Okay, so I'm gonna go through, I won't go through this, I'm gonna try and save you some time. So the question is why, why should we even be thinking about analyzing any industry frameworks at all? Well the first thing that came to my mind was, you know, the CISOs and the visibility thing had no visibility of wireless communications. This was some work I was doing.
I was working with a vendor early this year and that particular vendor looked at wireless networks and picked up, the easiest way to describe their technology is if like, if we were at party and I was watching all of you, I'll be able to see who's speaking to who, although I wouldn't be able to tell what you were saying to each other. So the technology gave visibility and that's really what, what, what, where, where some of this was coming from.
So it was around visibility and that was one example.
And I've always been very interested in visibility generally, because if we don't have visibility of deep fakes, if we don't have visibility of what's true and what's fake news and things like that have, if we don't have the tools to actually check that we have good visibility, how on earth are we gonna be able to move from where we are to do anything about it? So that was the first thing in terms of having that visibility.
Secondly, it was around, you know, what are we seeing that should have been covered by existing standards? And this comes up all the time, lots of events that I speak at where people talk about standards and they talk about what's missing and so on.

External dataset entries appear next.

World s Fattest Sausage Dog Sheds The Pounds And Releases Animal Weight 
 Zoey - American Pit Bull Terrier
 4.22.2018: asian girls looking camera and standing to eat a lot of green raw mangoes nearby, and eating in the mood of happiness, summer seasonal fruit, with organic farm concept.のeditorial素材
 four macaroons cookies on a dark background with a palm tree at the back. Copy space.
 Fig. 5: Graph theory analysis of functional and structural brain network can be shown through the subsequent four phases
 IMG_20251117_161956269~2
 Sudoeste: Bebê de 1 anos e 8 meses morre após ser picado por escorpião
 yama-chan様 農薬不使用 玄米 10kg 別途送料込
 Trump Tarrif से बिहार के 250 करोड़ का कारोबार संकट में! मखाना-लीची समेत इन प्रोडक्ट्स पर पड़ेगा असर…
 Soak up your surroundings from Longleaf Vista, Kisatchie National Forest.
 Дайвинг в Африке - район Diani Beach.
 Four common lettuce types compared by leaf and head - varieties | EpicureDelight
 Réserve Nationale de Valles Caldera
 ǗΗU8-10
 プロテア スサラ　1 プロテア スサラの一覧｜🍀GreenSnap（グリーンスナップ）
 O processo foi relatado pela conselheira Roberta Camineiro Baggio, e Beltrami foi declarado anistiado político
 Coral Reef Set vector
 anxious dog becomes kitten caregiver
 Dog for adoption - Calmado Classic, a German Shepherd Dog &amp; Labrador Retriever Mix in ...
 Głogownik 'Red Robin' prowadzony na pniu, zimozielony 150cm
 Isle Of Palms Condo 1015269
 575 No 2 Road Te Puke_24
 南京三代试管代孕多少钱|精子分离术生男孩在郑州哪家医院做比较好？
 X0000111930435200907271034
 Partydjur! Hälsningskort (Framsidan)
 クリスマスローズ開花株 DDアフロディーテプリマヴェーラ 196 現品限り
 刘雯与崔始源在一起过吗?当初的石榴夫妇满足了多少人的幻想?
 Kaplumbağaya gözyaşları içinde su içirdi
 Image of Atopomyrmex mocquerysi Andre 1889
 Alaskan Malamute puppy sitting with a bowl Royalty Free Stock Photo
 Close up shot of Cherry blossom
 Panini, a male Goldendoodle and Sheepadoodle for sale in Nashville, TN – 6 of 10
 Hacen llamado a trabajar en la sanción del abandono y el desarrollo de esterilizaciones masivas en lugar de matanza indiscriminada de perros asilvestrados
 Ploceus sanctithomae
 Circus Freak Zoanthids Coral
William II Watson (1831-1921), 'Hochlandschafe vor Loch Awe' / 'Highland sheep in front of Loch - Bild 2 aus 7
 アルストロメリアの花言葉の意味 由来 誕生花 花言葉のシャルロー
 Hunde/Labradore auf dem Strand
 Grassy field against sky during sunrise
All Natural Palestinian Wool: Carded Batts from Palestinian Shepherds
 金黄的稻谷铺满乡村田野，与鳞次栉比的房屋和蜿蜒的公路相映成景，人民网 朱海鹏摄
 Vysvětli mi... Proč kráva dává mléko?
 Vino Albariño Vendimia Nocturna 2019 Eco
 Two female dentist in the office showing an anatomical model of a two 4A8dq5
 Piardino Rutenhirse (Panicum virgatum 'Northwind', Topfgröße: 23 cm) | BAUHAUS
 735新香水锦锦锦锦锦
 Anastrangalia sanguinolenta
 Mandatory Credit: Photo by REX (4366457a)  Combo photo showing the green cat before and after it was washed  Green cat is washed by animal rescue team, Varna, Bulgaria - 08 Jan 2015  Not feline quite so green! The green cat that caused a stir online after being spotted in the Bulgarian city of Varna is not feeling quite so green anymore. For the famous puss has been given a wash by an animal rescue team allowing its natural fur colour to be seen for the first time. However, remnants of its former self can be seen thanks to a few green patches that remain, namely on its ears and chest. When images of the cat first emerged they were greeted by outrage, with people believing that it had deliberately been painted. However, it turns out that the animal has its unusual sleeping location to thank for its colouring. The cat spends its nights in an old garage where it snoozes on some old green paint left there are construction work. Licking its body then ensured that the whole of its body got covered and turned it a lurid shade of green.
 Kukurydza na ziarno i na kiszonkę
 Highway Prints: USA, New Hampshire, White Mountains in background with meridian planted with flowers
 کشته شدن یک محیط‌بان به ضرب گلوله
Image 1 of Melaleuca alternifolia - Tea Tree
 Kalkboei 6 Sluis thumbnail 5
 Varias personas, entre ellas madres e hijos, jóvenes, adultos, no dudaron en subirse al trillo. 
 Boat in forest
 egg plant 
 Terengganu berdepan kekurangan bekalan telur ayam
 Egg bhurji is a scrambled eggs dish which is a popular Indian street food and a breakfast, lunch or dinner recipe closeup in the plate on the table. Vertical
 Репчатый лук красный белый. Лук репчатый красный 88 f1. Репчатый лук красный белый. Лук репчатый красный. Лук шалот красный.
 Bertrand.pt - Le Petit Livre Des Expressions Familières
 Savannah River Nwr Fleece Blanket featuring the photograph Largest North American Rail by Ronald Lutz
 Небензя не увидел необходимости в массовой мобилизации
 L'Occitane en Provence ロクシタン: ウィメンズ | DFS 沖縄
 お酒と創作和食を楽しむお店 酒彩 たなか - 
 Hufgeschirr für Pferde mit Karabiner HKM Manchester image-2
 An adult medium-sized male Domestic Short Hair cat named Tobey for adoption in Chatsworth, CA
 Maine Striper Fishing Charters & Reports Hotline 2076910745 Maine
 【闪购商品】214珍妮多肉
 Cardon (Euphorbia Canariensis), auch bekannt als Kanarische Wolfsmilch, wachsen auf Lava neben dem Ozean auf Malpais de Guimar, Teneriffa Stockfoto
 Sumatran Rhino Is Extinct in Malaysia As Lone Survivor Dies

So it, it was coming from that perspective and that's why we should be looking at a analyzing the frameworks and then it was looking at wireless tax have been growing over the last five years but not recognized because everyone's looking at each other.
So what I mean by that is if you look at wireless attacks over the last 15 years, we've been using wireless as an accepted norm. But if you look at the attacks that you see and the growth of attacks and the development of exploits and so on, most of those have been over the last five years.
And if you have visibility that the attacks on wireless are growing and they're growing fast, that's good visibility to start with. And then also what the other part of the challenge is that we're not recognizing it because everyone is looking towards each other in terms of what they should be doing.
And, and that comes from some research which was done by a UK academic, which was called Market for Lemons. Now if anyone understands that phrase, it's a British phrase, it's that, you know, the market for lemons goes down.
And what this research looked at was security research, which covered I think something like a hundred thirty, one fifty CSOs and asked them when you're buying solutions, what do you look at when you're buying solutions? Who do you speak to when you're buying solutions? How do you determine whether they're good and decide which one to go for?
And it's very interesting research because it found that in a hundred CSOs between one and five will actually spend time researching and all the others would rely on each other and spreading the news effectively. When when asked a question, how'd you buy?
They say, Oh yeah, we speak to our peers. Oh yeah, we speak to our peers. So everyone speaks to each other. But the number of people that actually do the research work was few and far between. So a lot of time was being spent talking to each other.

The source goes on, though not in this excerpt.